Material for this exercise section start
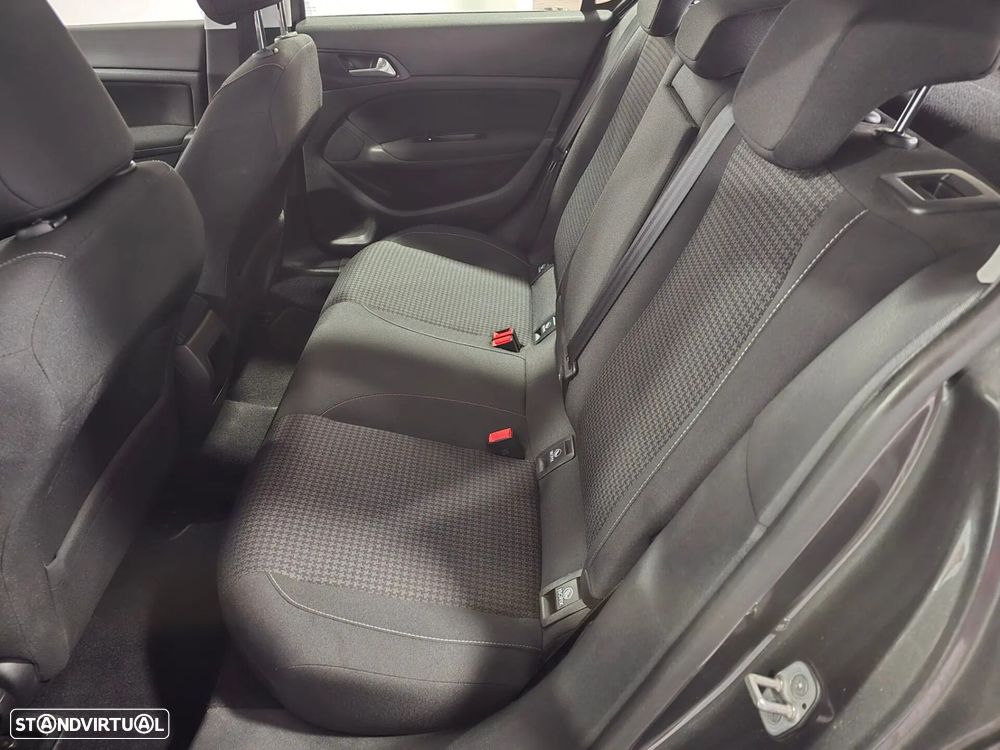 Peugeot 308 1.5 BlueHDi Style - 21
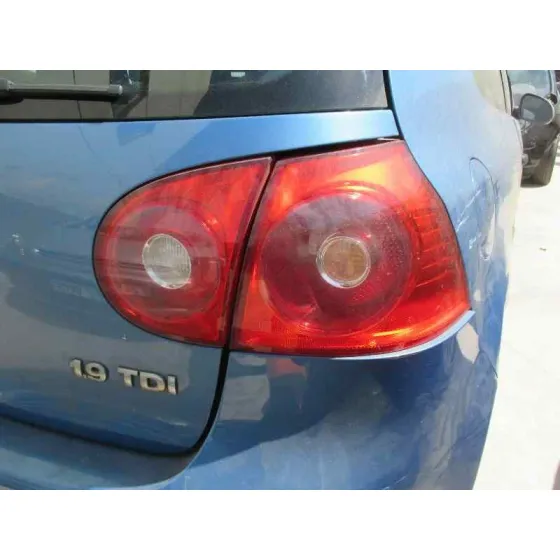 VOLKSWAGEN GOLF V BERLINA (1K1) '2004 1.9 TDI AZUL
Material for this exercise section end
Material for this exercise section start
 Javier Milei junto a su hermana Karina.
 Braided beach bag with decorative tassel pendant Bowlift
Material for this exercise section end
Material for this exercise section start
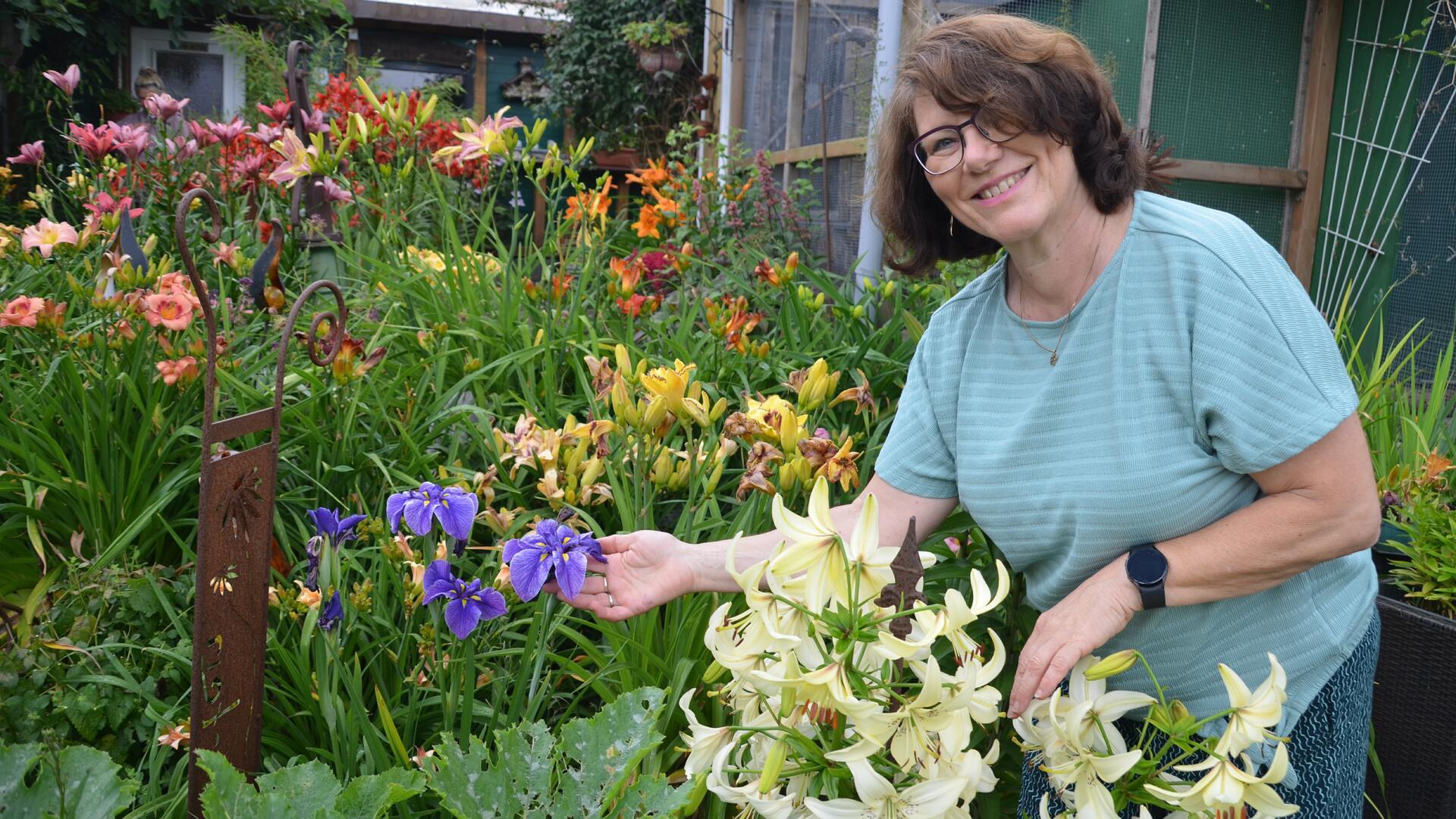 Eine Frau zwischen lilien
Material for this exercise section end
● **Aim of the exercise**:
Copy nothing but the lines above that run from the one with "Peugeot 308 1.5 BlueHDi Style - 21" to the one with "VOLKSWAGEN GOLF V", ends included; pictures stay out.

● **Response box**:
 Peugeot 308 1.5 BlueHDi Style - 21
 VOLKSWAGEN GOLF V BERLINA (1K1) '2004 1.9 TDI AZUL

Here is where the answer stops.